Inferring a hidden Markov chain via MCMC

$\newcommand{\one}{\mathbf 1}$In this post I’m going to consider the following situation: there is a latent unobserved continuous-state Markov chain $Z := (Z_1,\dots,Z_n)$ and I observe a binary sequence $X := (X_1,X_2,\dots,X_n)$ where the $X_i \mid Z_i$ are all independent. In particular, I’ll have the chain begin with $Z_1 \mid \sigma^2 \sim\mathcal N(0, \sigma^2)$ and then for $i \geq 2$ $Z_i \mid Z_{i-1}, \sigma^2 \sim \mathcal N(Z_{i-1}, \sigma^2)$. For the observed values I’ll have
$$
X_i | Z_i \sim \text{Bern}(s(Z_i)) \hspace{5mm} \text{for} \hspace{5mm} s(z) = \frac{1}{1 + e^{-z}}.
$$
My goal is to experiment with inferring $Z$ via MCMC. $s$ is monotonic in its input so when $Z$ wanders towards larger values I’ll see lots of $1$s in $X$ and vice versa for when $Z$ is negative. $\sigma^2$ governs how rapidly the chain can change and how far from $0$ the start is likely to be; if $\sigma^2$ is large I’ll expect to see lots of probabilities near $0$ and $1$ since the chain will be more likely to take big values. If $\sigma^2$ is small then many probabilities will be near $s(0) = \frac 12$. Note
$$
E_i(Z_i) = E_{i-1}(E_{i|i-1}(Z_i \mid Z_{i-1})) = E_{i-1}(Z_{i-1}) = \dots = E_1(Z_1) = 0
$$
so marginally every point in the Markov chain has the same mean of $0$. But because of the correlation and $\sigma^2$ the chain doesn’t actually have to spend much time near $0$.

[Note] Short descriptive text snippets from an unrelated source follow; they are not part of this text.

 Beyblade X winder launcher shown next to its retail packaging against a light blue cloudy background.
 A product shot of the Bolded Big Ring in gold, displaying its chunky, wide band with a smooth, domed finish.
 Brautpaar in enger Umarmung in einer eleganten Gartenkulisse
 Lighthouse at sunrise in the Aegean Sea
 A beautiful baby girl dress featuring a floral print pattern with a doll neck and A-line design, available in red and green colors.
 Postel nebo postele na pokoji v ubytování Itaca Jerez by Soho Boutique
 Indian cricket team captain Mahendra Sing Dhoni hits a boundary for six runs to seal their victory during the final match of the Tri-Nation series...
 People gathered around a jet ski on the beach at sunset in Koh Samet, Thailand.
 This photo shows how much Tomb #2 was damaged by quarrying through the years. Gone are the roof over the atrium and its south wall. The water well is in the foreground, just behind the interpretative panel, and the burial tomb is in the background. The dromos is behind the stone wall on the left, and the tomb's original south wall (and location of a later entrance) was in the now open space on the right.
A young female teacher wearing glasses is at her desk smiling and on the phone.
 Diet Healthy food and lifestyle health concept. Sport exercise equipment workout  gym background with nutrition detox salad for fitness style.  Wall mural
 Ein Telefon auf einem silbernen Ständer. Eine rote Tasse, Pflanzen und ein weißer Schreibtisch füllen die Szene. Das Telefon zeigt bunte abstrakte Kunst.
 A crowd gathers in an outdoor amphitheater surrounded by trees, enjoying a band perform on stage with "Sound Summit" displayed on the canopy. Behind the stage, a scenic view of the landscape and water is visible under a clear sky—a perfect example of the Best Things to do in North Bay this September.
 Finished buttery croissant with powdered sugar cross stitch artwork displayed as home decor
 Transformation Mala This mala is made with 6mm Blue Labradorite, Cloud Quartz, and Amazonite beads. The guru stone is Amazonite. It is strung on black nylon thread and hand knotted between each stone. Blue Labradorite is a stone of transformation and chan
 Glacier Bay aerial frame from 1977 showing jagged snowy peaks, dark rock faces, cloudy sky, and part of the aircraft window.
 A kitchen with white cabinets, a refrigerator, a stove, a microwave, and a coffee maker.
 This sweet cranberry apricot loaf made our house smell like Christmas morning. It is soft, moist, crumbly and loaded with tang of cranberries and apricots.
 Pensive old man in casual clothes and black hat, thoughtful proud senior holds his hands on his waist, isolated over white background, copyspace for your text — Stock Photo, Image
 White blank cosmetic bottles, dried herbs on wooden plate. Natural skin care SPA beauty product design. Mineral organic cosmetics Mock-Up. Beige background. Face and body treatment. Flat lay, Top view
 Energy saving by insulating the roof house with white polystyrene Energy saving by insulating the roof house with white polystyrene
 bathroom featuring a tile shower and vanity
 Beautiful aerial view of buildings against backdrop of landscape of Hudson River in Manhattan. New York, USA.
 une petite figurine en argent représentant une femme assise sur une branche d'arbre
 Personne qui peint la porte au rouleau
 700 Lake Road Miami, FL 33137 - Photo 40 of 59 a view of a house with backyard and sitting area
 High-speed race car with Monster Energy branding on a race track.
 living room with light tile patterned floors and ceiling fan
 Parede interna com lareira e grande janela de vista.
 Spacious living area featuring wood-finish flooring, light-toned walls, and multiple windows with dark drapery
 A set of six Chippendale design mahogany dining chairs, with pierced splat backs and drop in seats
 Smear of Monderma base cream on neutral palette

The following graphical model explicitly gives the conditional relationships in $(X,Z)$ that I’ve been describing:

Below is a simulation of this process and the resulting data set that I’ll be working with.

set.seed(13)
n <- 100
sigma <- 1.2
z <- numeric(n)
z[1] <- rnorm(1, 0, sigma)
for(i in 2:n) {
  z[i] <- rnorm(1, z[i-1], sigma)
}
x <- rbinom(n, 1, plogis(z))
plot(z, type="l", lwd=2, xlab="Time",
   main = bquote("Example data with" ~ sigma^2 ~ "=" ~ .(sigma^2)))
points(z, col=ifelse(x==1, "red", "blue"), pch=19, cex=.75)
legend("bottomleft", c("x = 1", "x = 0", "z"), col=c(2, 4, 1),
   pch=c(19,19,NA), lwd=c(NA,NA,2), bty="n")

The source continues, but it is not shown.